Visits to Britain’s shops saw an “unprecedented” decline in the last two months – worse even than at the height of the financial crisis – new figures show.
Footfall was down by 3.3% in April compared with last year following a 6% drop in March, resulting in a slump of 4.8% over the two periods combined, says the report from the British Retail Consortium (BRC).
That was worse than the 3.8% decline seen over March and April 2009, according to data company Springboard, which compiled the figures.
Separate figures from Visa also painted a gloomy picture, showing overall consumer spending down 2% in April – failing to recover at all from its performance in March despite an upturn in pay growth and an improvement in the weather.

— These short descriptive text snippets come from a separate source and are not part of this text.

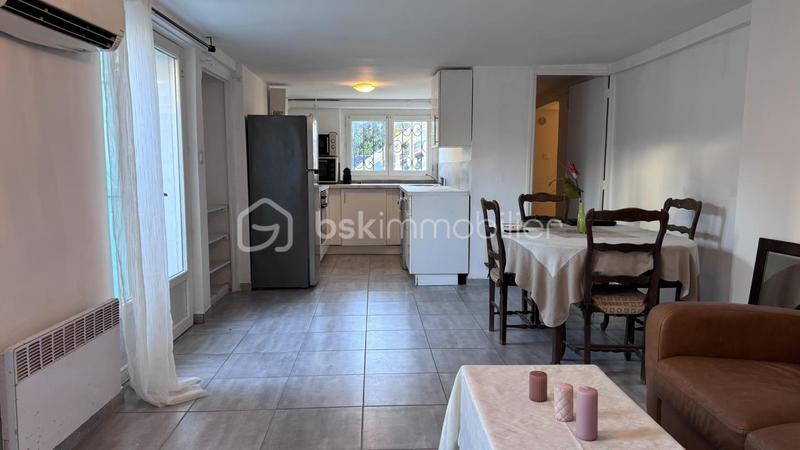 Appartement - 40 m² - 2 pièces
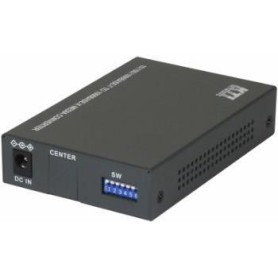 KTI Networks KGC-310M Netzwerk Medienkonverter 1000 Mbit/s 1310 nm Multi-Modus - Einzelmodus (KGC-310M VER. C)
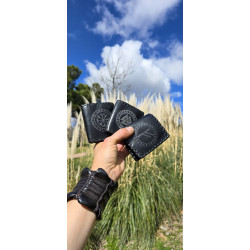 CARTERA BILLETERA VALKNUT PIEL VACA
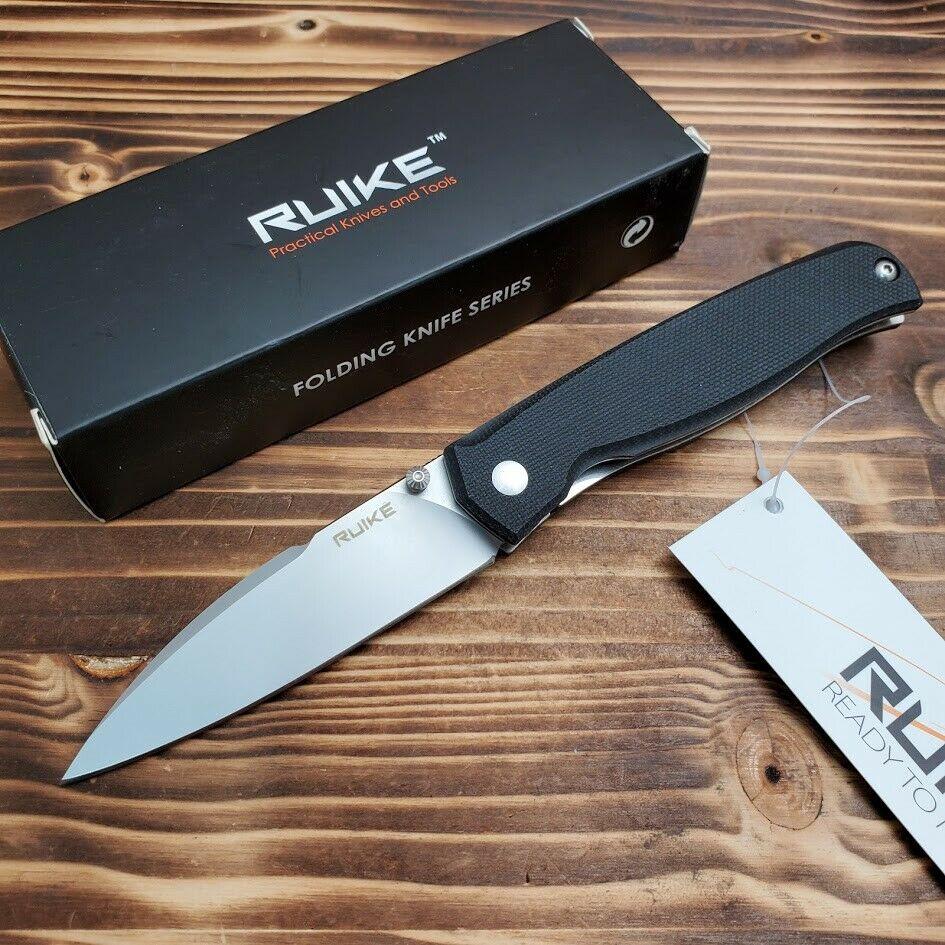 RUIKE KNIFE P661-B BLACK - NeonSales South Africa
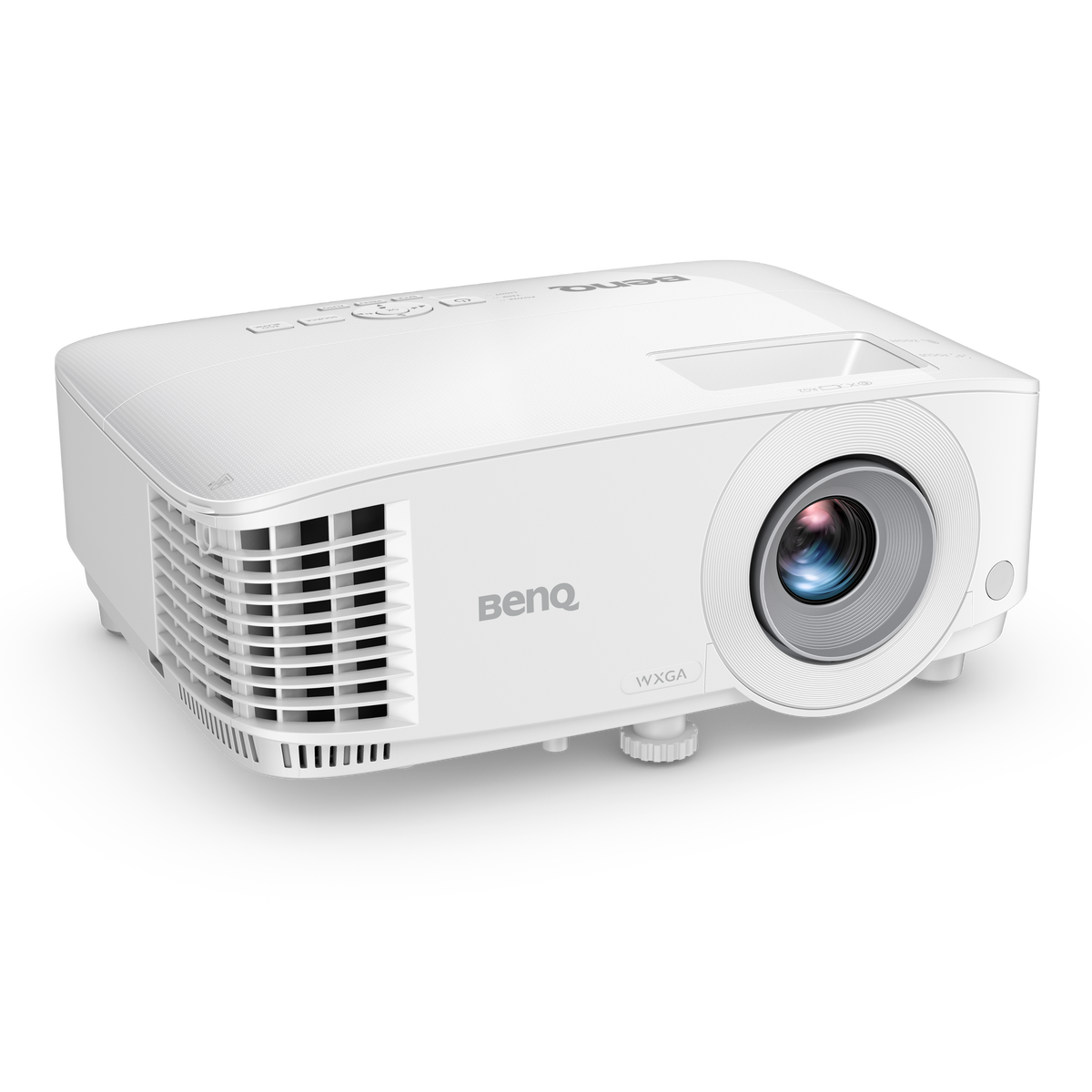 BenQ - MW560C WXGA Projector, 4000 lumens - White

Retailers have been struggling amid a squeeze on household finances as wages have struggled to keep pace with inflation, while the freezing weather earlier in the year has also taken its toll.

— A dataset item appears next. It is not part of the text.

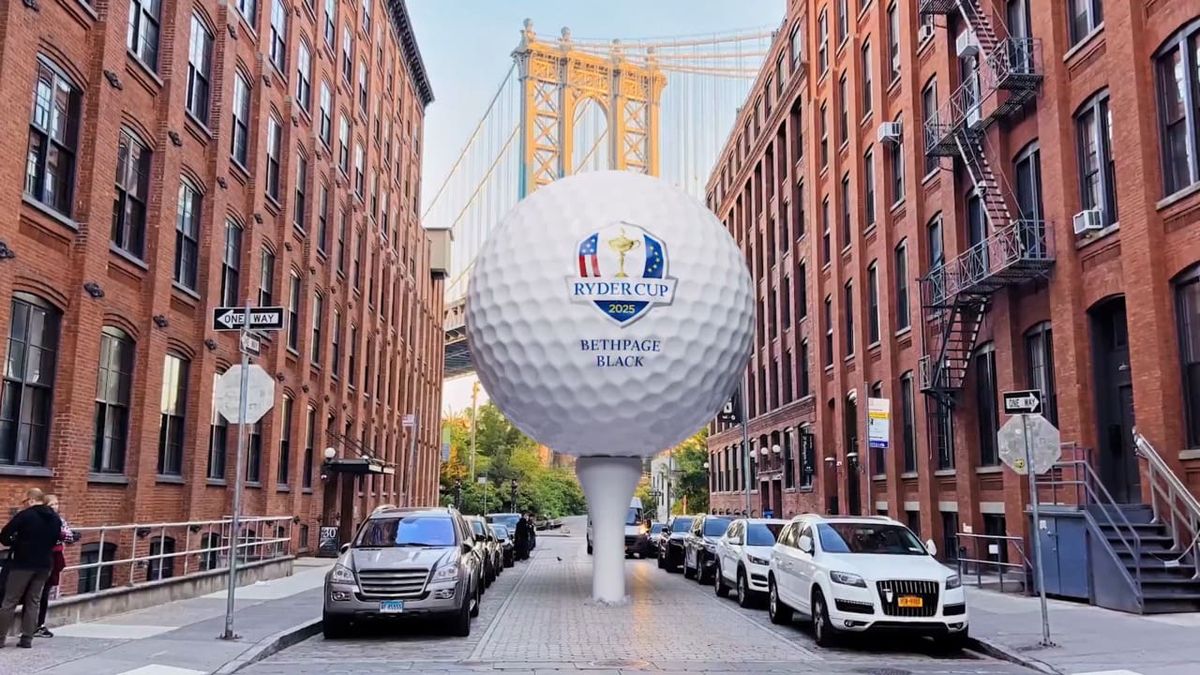 2025 Ryder Cup - 3 Day Pass, 25 September | Event in Farmingdale | AllEvents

Toys R Us and Maplin have been among the casualties of the bleak conditions on the high street, while in latest developments, Sky News revealed over the weekend that discounter Poundworld was to be put up for sale.

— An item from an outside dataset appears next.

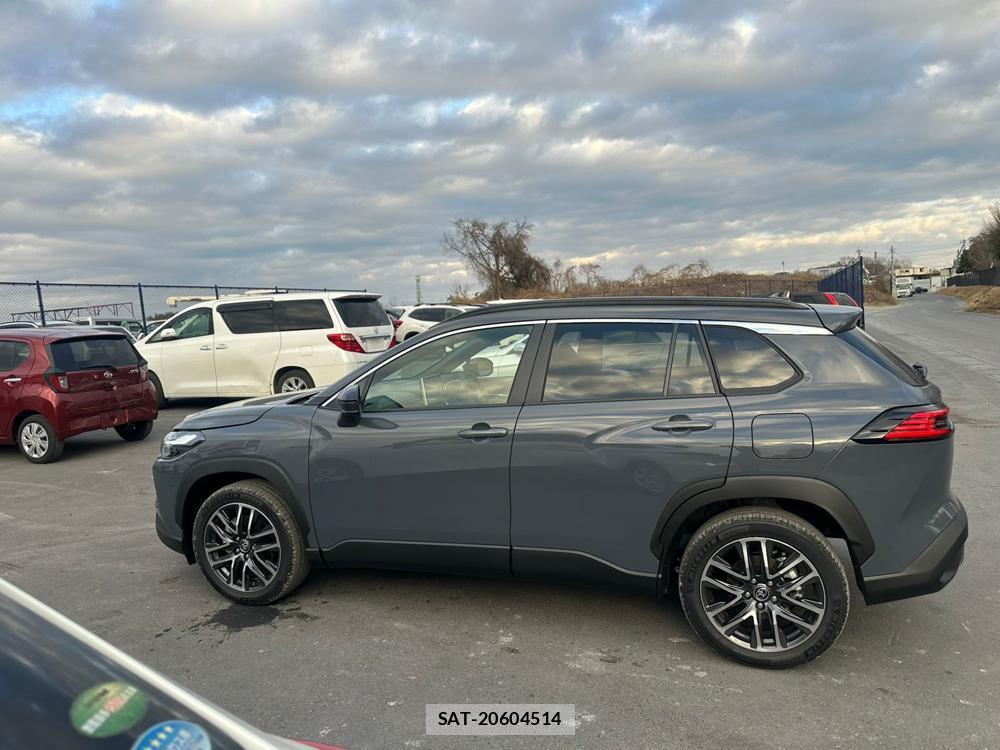 Toyota COROLLA CROSS 2025 1497491-1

Diane Wehrle, marketing and insights director at Springboard, said: “Not since the depths of recession in 2009 has footfall over March and April declined to such a degree, and even then the drop was less severe.”
BRC chief executive Helen Dickinson said the wet start to April had a “dampening effect” on footfall.
This added to the long-term downward trend in footfall being caused by “changing consumer behaviour” which includes the shift towards online shopping.
The Visa figures – which include money spent on going out to cinemas and restaurants as well as retail spending – also painted a dismal picture.
Visa chief commercial officer Mark Antipof said: “With inflation beginning to fail and wages growing faster than expected in recent months, it would have been easy to assume we might be over the worst of the consumer squeeze.
“Yet there has been no corresponding improvement in spending, with April’s 2% decline a simple repeat of what we witnessed in March.
“Low confidence levels amongst shoppers and the gloomy outlook for the UK economy are likely to have contributed to this continued caution.
“It is clear that consumers remain in belt-tightening mode, with discretionary spending on furniture, electrical appliances and recreational activities worst hit.”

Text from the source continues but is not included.